Katharina Hagena - Le Goût des pépins de pomme

 Le titre est plaisant, suggestif. La couverture épatante, appétante : j’aime les planches botaniques, et celle-ci est particulièrement jolie : rameau fleuri, fruit (cox orange ? boskop ?), coupe transversale, coupe longitudinale, et les pépins, bien nets, dans leur loge étoilée, dans leurs loges jumelles, ou tout seuls sur la planche, graines modestes, sources de saveur, promesse de renaissance. J’ai cru un moment que l’éditeur était Phébus, il y a des couvertures de ce genre pour André Dhôtel me semble-t-il, mais non : c’est Anne Carrière, dont j’ai ainsi découvert  l’existence.

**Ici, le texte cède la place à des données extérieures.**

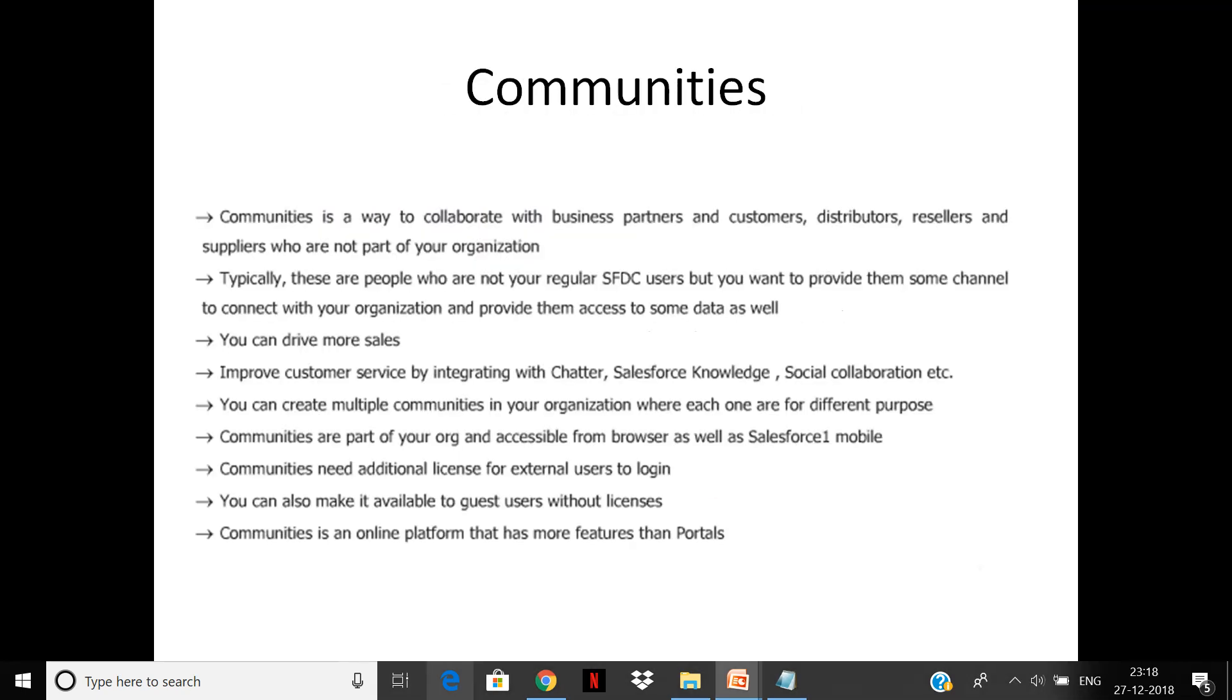Communities is a way to collaborate with business partners and customers. Typically these people are not regular Salesforce users, but they want to provide some channel to connect to your organization, and they can also drive more sales. There could be inquiries also.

Dès la première page, les fruits du verger familial entrent en résonance étroite avec la vie des habitants. Les groseilles rouges sont devenues à tout jamais blanches à la mort d’Anna, on en fait une gelée de larmes. Et puis il y a le grand pommier au cœur du verger, qui a pu fleurir ou défleurir, ou porter brusquement une moisson de fruits, au fil des heurs et des malheurs de la famille. Iris est la dernière rejetonne d’une lignée de femmes : Bertha, la grand-mère récemment décédée, toujours plus égarée au fil du temps, et ses trois filles devenues ses « mères », Inga, Harriet et Christa, avec leurs drames et leurs tourments intimes. Restée seule dans un hors-temps de sa vie de bibliothécaire célibataire, Iris explore la maison désertée et ses aîtres, dont elle est l’héritière, sur les traces du passé familial et de son propre passé. C’est elle la narratrice, comme elle est aussi le témoin partiel des drames et des secrets de la famille, que son séjour dans la maison va lui permettre d’explorer, de retrouver, de racheter. Et puis il y a Max, dernier témoin de leur enfance et de leur adolescence, resté sur place par fidélité au bourg, à son « lac noir, [ses] forêts de bouleaux, [son] écluse et [ses] nuages au-dessus des pâturages gorgés de pluie ». Max, qui est avoué, et justement chargé de la succession de la famille, et qui voit sans cesse surgir au cœur de sa solitude Iris en ses très excentriques équipées hors de la maison - contrepoint sentimental et souvent humoristique à la gravité du propos, à la réflexion qu’il offre sur la mémoire et son absence, sur la transmission.

C’est un joli roman, une histoire sombre et sobre, teintée étrangement d’une aura de magie presque latino-américaine.

C’est Sylviane, à la librairie Martelle, qui me l’a conseillé comme livre à offrir. Après quoi, appâtée, je l’ai emprunté à Virginie, et je l’ai  lu. En cet automne fécond, si vous aimez les livres, les travaux du jardin, et les conserves et concoctions d’avant l’hiver, laissez-vous séduire et suivez Iris, ses robes du soir, sa bicyclette et ses fantômes sur ses chemins semés de pépins de pommes.